* **DATA SEGMENT**
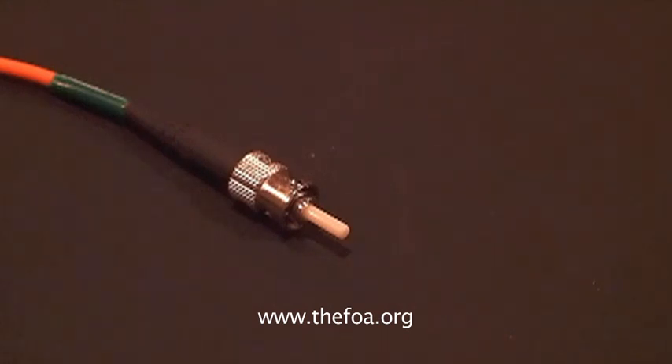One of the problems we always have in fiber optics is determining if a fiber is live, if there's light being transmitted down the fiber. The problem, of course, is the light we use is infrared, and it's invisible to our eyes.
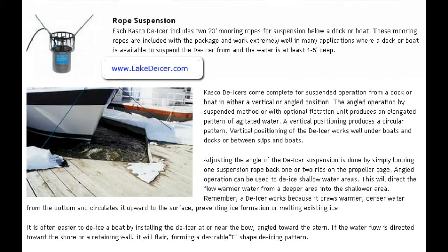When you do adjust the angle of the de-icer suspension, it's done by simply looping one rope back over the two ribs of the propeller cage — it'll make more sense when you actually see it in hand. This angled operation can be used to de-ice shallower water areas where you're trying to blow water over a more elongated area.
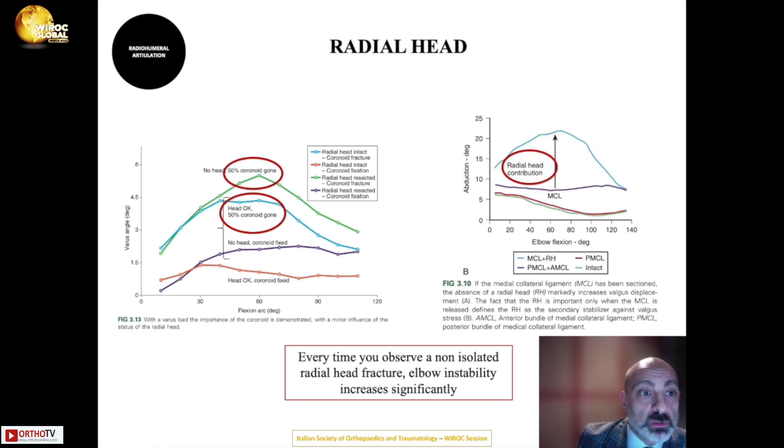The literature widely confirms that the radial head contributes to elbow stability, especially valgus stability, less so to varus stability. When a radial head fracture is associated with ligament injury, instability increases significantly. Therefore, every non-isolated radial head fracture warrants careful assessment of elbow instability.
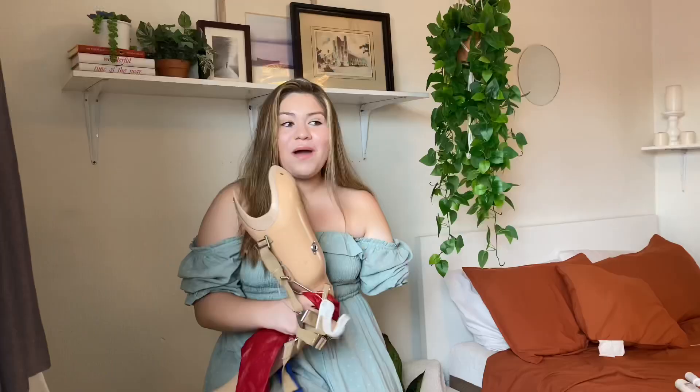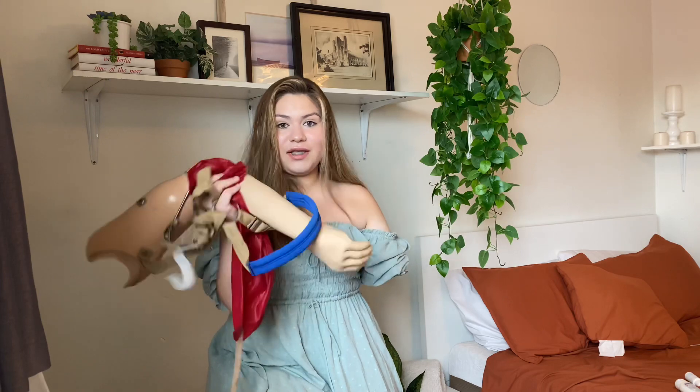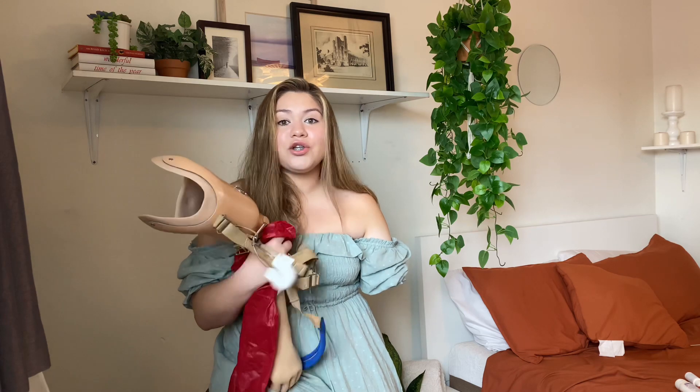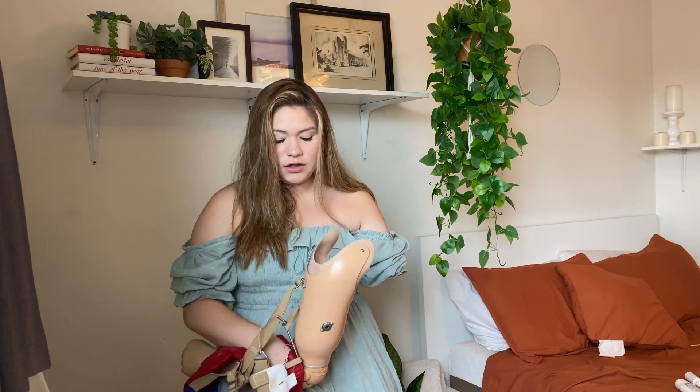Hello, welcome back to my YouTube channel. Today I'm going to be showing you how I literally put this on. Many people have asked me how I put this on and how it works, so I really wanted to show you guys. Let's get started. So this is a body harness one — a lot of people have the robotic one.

* **WHAT THE TASK REQUIRES**
The listing above is to be retyped exactly, with all pictures left out.

* **THE COMPLETED TASK**
One of the problems we always have in fiber optics is determining if a fiber is live, if there's light being transmitted down the fiber. The problem, of course, is the light we use is infrared, and it's invisible to our eyes.
When you do adjust the angle of the de-icer suspension, it's done by simply looping one rope back over the two ribs of the propeller cage — it'll make more sense when you actually see it in hand. This angled operation can be used to de-ice shallower water areas where you're trying to blow water over a more elongated area.
The literature widely confirms that the radial head contributes to elbow stability, especially valgus stability, less so to varus stability. When a radial head fracture is associated with ligament injury, instability increases significantly. Therefore, every non-isolated radial head fracture warrants careful assessment of elbow instability.
Hello, welcome back to my YouTube channel. Today I'm going to be showing you how I literally put this on. Many people have asked me how I put this on and how it works, so I really wanted to show you guys. Let's get started. So this is a body harness one — a lot of people have the robotic one.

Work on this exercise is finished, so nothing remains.